Since the exact number is not found in the table, search for the closest number to 0.45.
There are two values equidistant from 0.45-- 0.4505 and 0.4495. Move to the left from
these values, and read the Z scores in the margin, which are: 1.65 and 1.64. Take the
average of these two Z scores, i.e., (1.65 + 1.64)/2 = 1.645. Plug this number and the
values of the mean and the standard deviation into the Z equation, you get:
Z =(X - mean)/standard deviation or -1.645 =(X - 47,900)/2,050 = 44,528 miles.
Thus, the factory should set the guaranteed mileage at 44,528 miles if the objective is
not to replace more than 5% of the tires.

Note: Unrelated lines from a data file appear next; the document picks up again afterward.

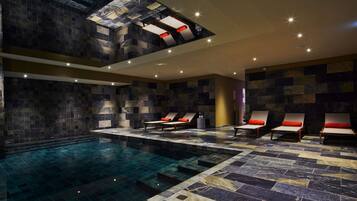 Indoor pool, open 9:00 AM to 8:00 PM, sun loungers
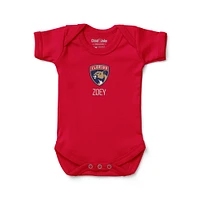 Infant Red Florida Panthers Personalized Bodysuit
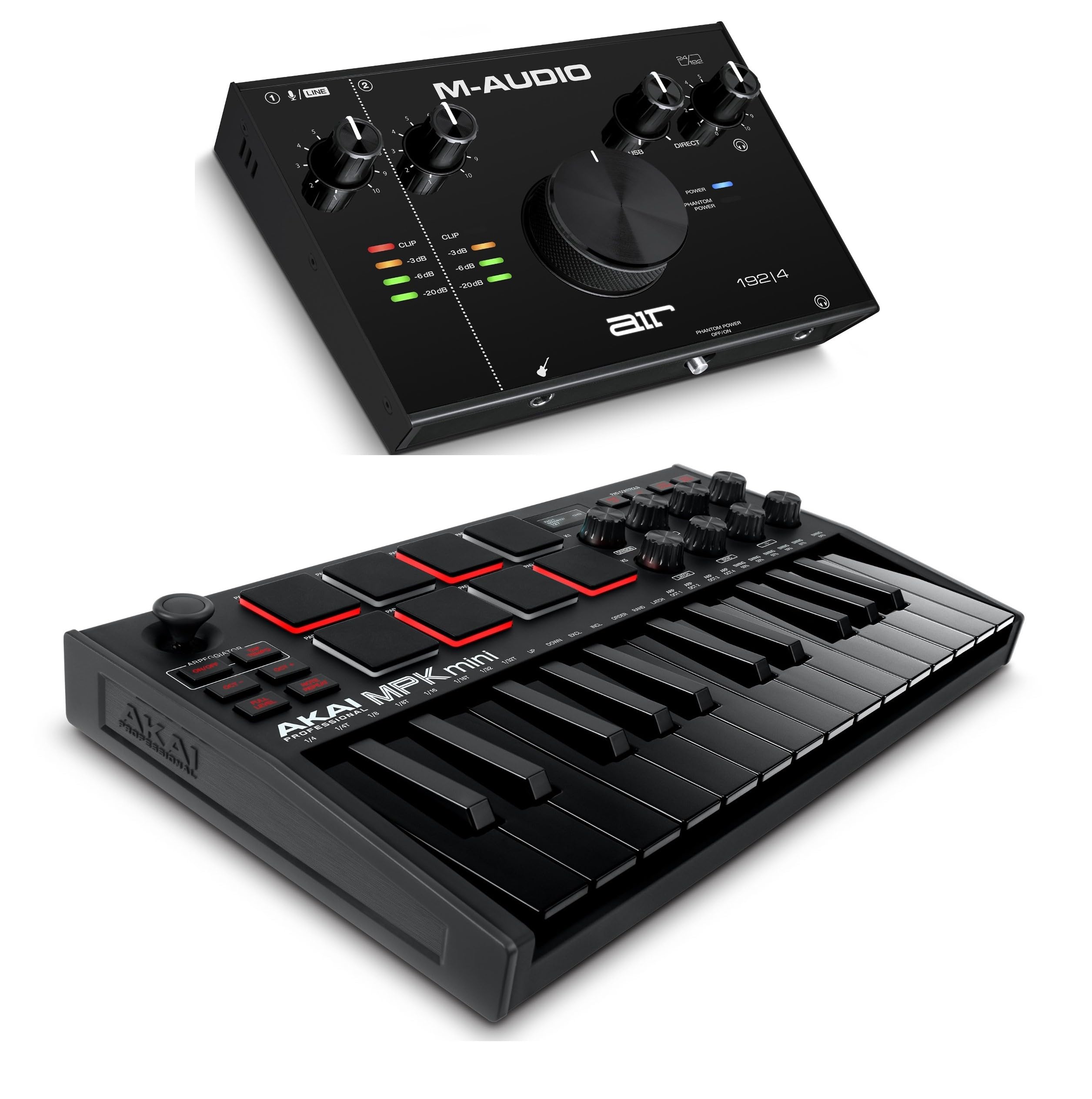 Recording Studio Package - Akai Professional MPK Mini MK3 USB MIDI Keyboard Controller and M-Audio AIR 192I4 Audio Interface, with Production Software, black Image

The Normal Approximation to the Binomial Distribution:
In lecture note number 5 we talked about the binomial probability distribution, which is a
discrete distribution. You remember that we said as sample sizes get larger, binomial
distribution approach the normal distribution in shape regardless of the value of p
(probability of success). For large sample values, the binomial distribution is cumbersome
to analyze without a computer. Fortunately, the normal distribution is a good
approximation for binomial distribution problems for large values of n. The commonly
accepted guidelines for using the normal approximation to the binomial probability
distribution is when (n x p) and [n(1 - p)] are both greater than 5.
Example:
Suppose that the management of a restaurant claimed that 70% of their customers returned
for another meal. In a week in which 80 new (first-time) customers dined at the
restaurant, what is the probability that 60 or more of the customers will return for
another meal?, ie., P(X >= 60) =?.
The solution to this problemcan can be illustrated as follows:
First, the two guidelines that (n x p) and [n(1 - p)] should be greater than 5 are
satisfied: (n x p) = (80 x 0.70) = 56 > 5, and [n(1 - p)] = 80(1 - 0.70) = 24 > 5.
Second, we need to find the mean and the standard deviation of the binomial distribution.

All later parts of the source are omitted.